What is being asked: Reproduce the records below in their entirety, exactly as shown.

-------

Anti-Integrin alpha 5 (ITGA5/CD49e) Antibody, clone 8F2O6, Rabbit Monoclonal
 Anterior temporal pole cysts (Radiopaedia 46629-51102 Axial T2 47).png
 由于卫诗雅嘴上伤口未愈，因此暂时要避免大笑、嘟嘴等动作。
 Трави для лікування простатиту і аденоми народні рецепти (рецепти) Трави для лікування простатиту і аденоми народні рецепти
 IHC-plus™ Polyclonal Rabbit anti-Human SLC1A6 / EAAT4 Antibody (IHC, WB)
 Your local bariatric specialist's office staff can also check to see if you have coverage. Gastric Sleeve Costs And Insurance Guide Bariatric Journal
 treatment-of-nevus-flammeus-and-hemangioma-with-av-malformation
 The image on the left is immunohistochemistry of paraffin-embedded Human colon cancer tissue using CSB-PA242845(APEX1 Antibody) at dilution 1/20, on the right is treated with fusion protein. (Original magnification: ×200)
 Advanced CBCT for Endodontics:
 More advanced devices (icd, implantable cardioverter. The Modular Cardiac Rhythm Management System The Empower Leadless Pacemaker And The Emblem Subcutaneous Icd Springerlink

-------

Written reply:
Anti-Integrin alpha 5 (ITGA5/CD49e) Antibody, clone 8F2O6, Rabbit Monoclonal
 Anterior temporal pole cysts (Radiopaedia 46629-51102 Axial T2 47).png
 由于卫诗雅嘴上伤口未愈，因此暂时要避免大笑、嘟嘴等动作。
 Трави для лікування простатиту і аденоми народні рецепти (рецепти) Трави для лікування простатиту і аденоми народні рецепти
 IHC-plus™ Polyclonal Rabbit anti-Human SLC1A6 / EAAT4 Antibody (IHC, WB)
 Your local bariatric specialist's office staff can also check to see if you have coverage. Gastric Sleeve Costs And Insurance Guide Bariatric Journal
 treatment-of-nevus-flammeus-and-hemangioma-with-av-malformation
 The image on the left is immunohistochemistry of paraffin-embedded Human colon cancer tissue using CSB-PA242845(APEX1 Antibody) at dilution 1/20, on the right is treated with fusion protein. (Original magnification: ×200)
 Advanced CBCT for Endodontics:
 More advanced devices (icd, implantable cardioverter. The Modular Cardiac Rhythm Management System The Empower Leadless Pacemaker And The Emblem Subcutaneous Icd Springerlink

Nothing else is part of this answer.